Exactly at the midpoint of Brennan Manning’s book come these words:

Until the love of God that knows no boundary, limit, or breaking point is internalized through personal decision; until the furious longing of God seizes the imagination; until the heart is conjoined to the mind through sheer grace, nothing happens.

Nothing happens. Nothing that matters happens in you. Nothing that matters happens through you. Nothing happens to transform you, to heal you, to wake you up to the dawn of the life God has in store for you.

Brennan Manning wants something to happen. Brennan Manning wants something to happen for you. And so he pulls out all the stops — emotional, rhetorical, poetic — to push you and prod you and upset you and compel you to open your eyes and heart and soul to see the love, the real and powerful and vibrant and furiously intense love, God has for you.
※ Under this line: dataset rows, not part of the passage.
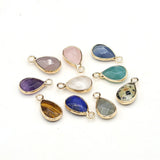 Stone Pendant Plated Water Drop Agates Pendant DIY Necklace Gift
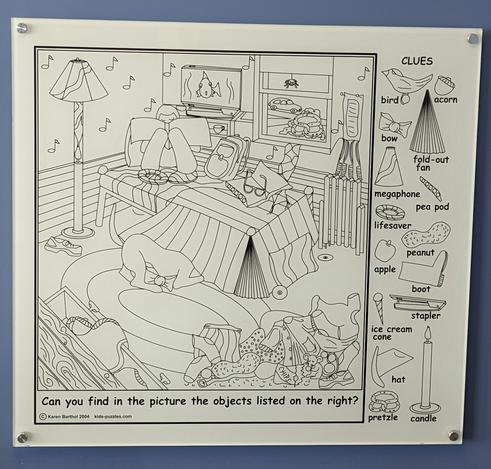 A hidden object game in a kids bedroom.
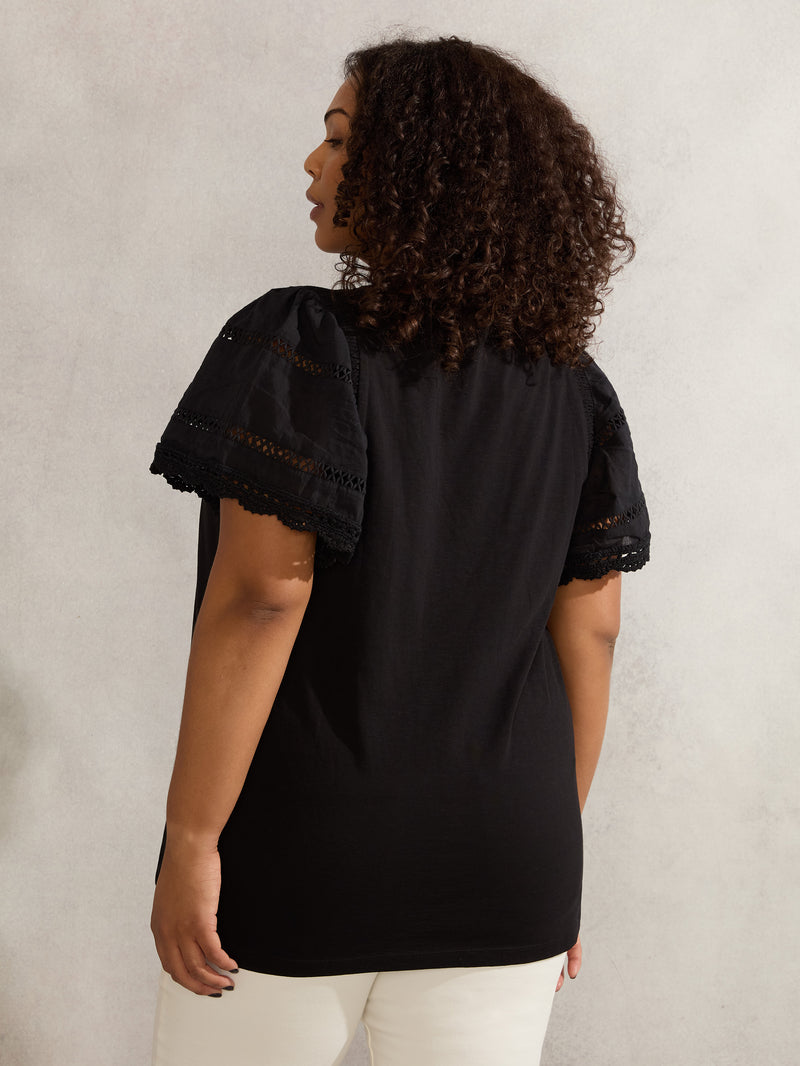 Black Angel Sleeve V Neck Top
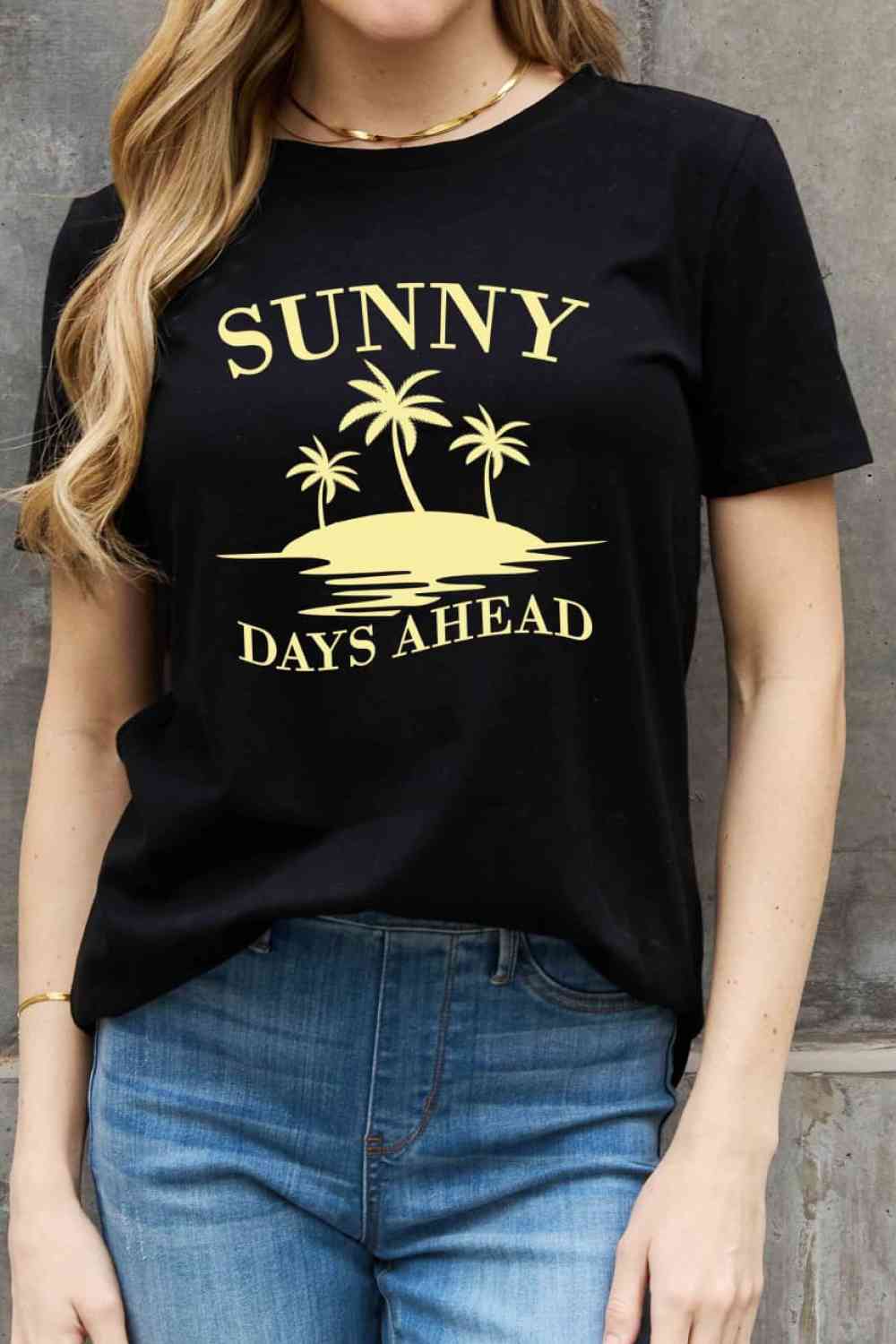 Simply Love フルサイズ SUNNY DAYS AHEAD グラフィック コットン T シャツ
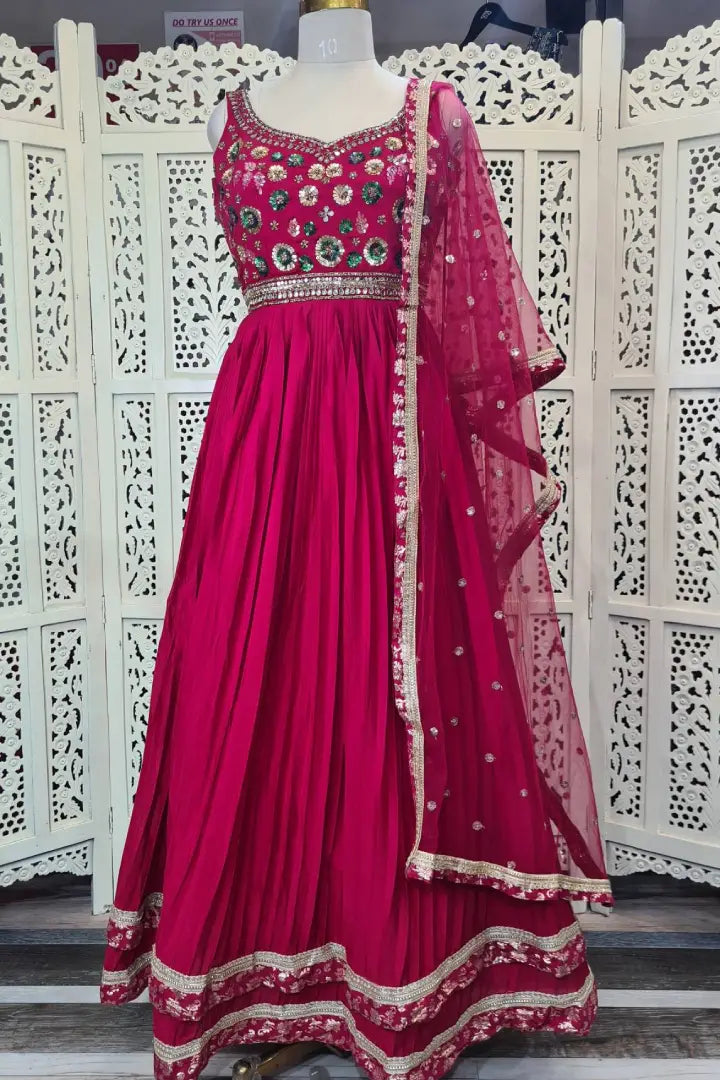 Silk Anarkali Dress With Duppatta In Red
But that’s not quite right. It is God that wants something to happen in you! Brennan is merely trying to serve as the messenger, to point, to reveal, to pull back the curtain, to try to express what cannot be rightly expressed, but to hint at it poignantly enough to bring us to look for ourselves.

If the book has a fault, it is that sometimes Manning’s “cuteness,” his toying with language to try to stretch it to say what cannot be said, his use of stories about himself which are mostly rather unflattering, sometimes get in the way and may be distracting, making us think about him instead of the One to whom he points.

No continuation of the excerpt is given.